Overhead is really actually very easy if you know your numbers. You have to know what you did last year, know what you are projecting to do this year, and watch your numbers from time to time to make sure you are on target.

Your first year in business it's a little harder sicne you have no historic data to fall back on. However you can make some very educated guesses with your accountant as to your overhead and do a profit loss report at the end of the first, then second,t hen third job and adjust accordingly. Every time you want to make a big purchase ask your accountant how that will effect your overhead and thusly your pricing.

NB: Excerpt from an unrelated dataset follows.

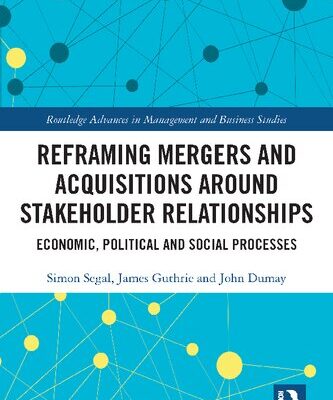 خرید و دانلود نسخه کامل کتاب Reframing Mergers and Acquisitions around Stakeholder Relationships: Economic, Political and Social Processes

With me, it's simple. I know how much it costs me to run my business including my salary. I know about how many working days and how many jobs we are going to do this year. I know what the "going rate" is and I won't charge less than that. 

SO if it costs me $365,000 a year just to have a company sitting weather we do business or not you may think that's an easy $1,000.00 per day. Right? Wrong! There are only 200 working days in the year around here so that's actually $1,825 per day... almost double!

That means I need $1,825 gross profit per day to pay my salary and break even as a company. Anything more is gross profit. How do I apply this to a job? You know to know how long the job will take and how many jobs you will have run con-current, how many crews working per day. If I did 365 jobs last year that means I did 1.825 jobs per day. I could take the $1,825/1.825 and know I need to make $1,000 per crew per day just to break even.

I hope that makes sense. After you've read all our replies, ask your accountant what he thinks.


----------



## Kenny K (Feb 9, 2008)

correct method. accountants are a good rescource if confused


----------



## john elliott (Oct 23, 2005)

A distinction needs to be made between 'overhead', and 'recovering overhead'.

'Overhead' exists anyway. Even if you do no work at all. You can't measure 'overhead' on a by-the-job basis.

'Recovering overhead' requires knowledge of the 'overhead' itself, and a method of ensuring that each job done contributes a suitable share towards it

John


----------